Lately this blog has had a lot of descriptive posts about my life but not much that stretches my R abilities. Later this year my organization is holding its research day, so I decided to start practicing on a dataset that I last used about 7 years ago. The California Health Interview Survey is a survey of households that is weighted to be representative of the non-institutionalized population of California. This dataset has a few wrinkles in it that require a higher level of R programming so I thought I would try to stretch my rusty skills a little.
library(dplyr)
##
## Attaching package: 'dplyr'
## The following objects are masked from 'package:stats':
##
## filter, lag
## The following objects are masked from 'package:base':
##
## intersect, setdiff, setequal, union
library(survey)
## Loading required package: grid
## Loading required package: Matrix
## Loading required package: survival
##
## Attaching package: 'survey'
## The following object is masked from 'package:graphics':
##
## dotchart
library(foreign)
Fortunately when I last used this dataset in 2013, I had commented my code pretty well so I was able to remember how to load in the Stata file.
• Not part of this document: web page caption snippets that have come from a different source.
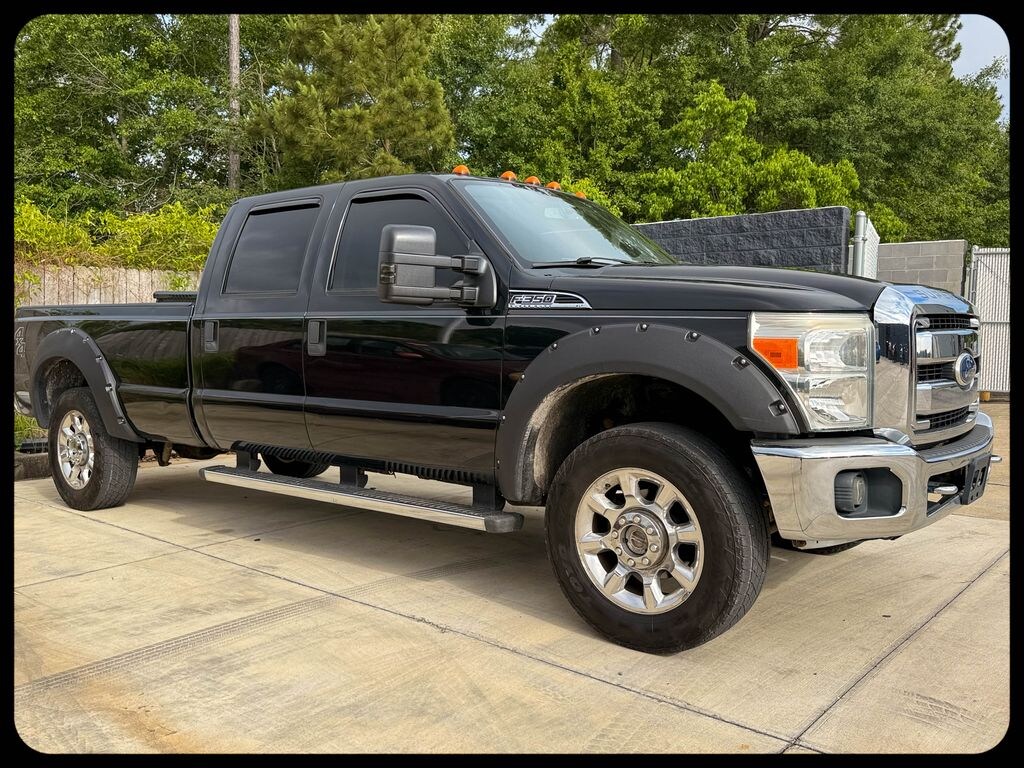 Used 2011 Ford F-350SD XLT Truck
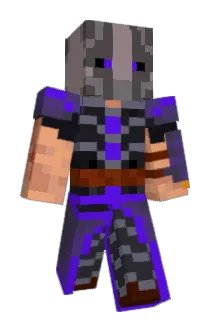 Nephrakt Minecraft avatar full body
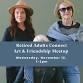 Retired Adults Connect Art & Friendship Meetup event image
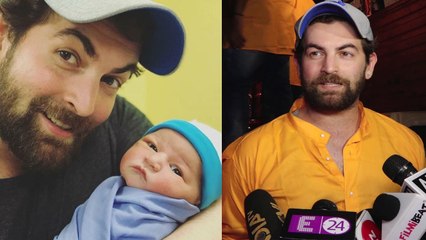 Neil Nitin Mukesh ने अपनी बेटी Nurvi के बारे में पहली बार बात की; Watch Video | Boldsky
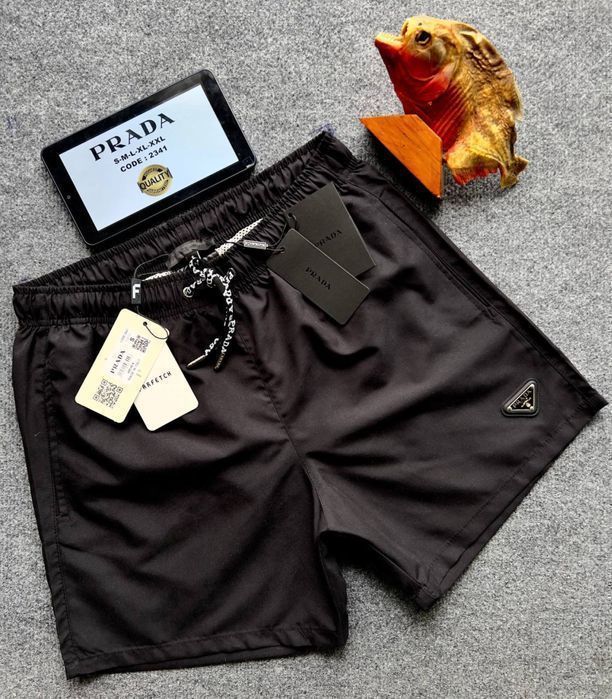 Шорты пляжные VERSACE мужские брендовые для бассейна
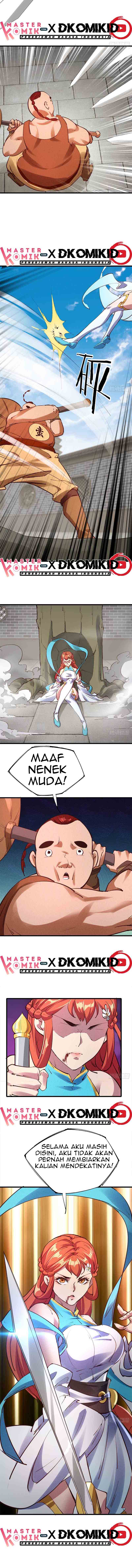 I am a God Alone Chapter 26 Gambar 9
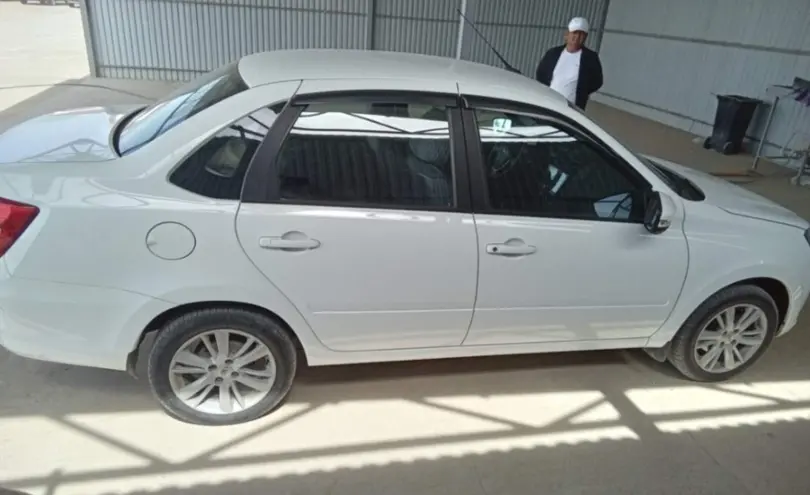 LADA (ВАЗ) Granta 2023 года за 5 000 000 тг. в Кызылорда фото 4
chis <- read.dta("/Users/mching/Dropbox/Mike/CHIS18/CHILD.dta",
convert.dates = TRUE, convert.factors = TRUE,
missing.type = TRUE, convert.underscore = TRUE,
warn.missing.labels = FALSE)
Unweighted Data
Here’s what the data dictionary said about a variable documenting children who needed dental care in the last year.
Frequency | % | ||
---|---|---|---|
-1 | Inapplicable | 58 | 3.66 |
1 | Yes | 67 | 4.22 |
2 | No | 1461 | 92.12 |
And here’s what the dataset I loaded had to say about this variable.
table(chis$cb27)
##
## NOT ASCERTAINED DON'T KNOW
## 0 0
## REFUSED ADULT/HOUSEHOLD INFO NOT COLLECTED
## 0 0
## PROXY SKIPPED INAPPLICABLE
## 0 58
## YES NO
## 67 1461
round(prop.table(table(chis$cb27))*100, 2)
##
## NOT ASCERTAINED DON'T KNOW
## 0.00 0.00
## REFUSED ADULT/HOUSEHOLD INFO NOT COLLECTED
## 0.00 0.00
## PROXY SKIPPED INAPPLICABLE
## 0.00 3.66
## YES NO
## 4.22 92.12
As you can see from above, the unweighted data were the same as in the data dictionary.
Weighted Data
In the survey package you have to create a survey object that can be used to run the survey methods. Code for creating the survey object was nodified from AJ Damico’s Analyze Survey Data for Free website.
chis_design <-
svrepdesign(
data = chis ,
weights = ~ rakedw0 ,
repweights = "rakedw[1-9]" ,
type = "other" ,
scale = 1 ,
rscales = 1 ,
mse = TRUE
)
I generated a quick table to see if the survey method for calculating the population estimates worked.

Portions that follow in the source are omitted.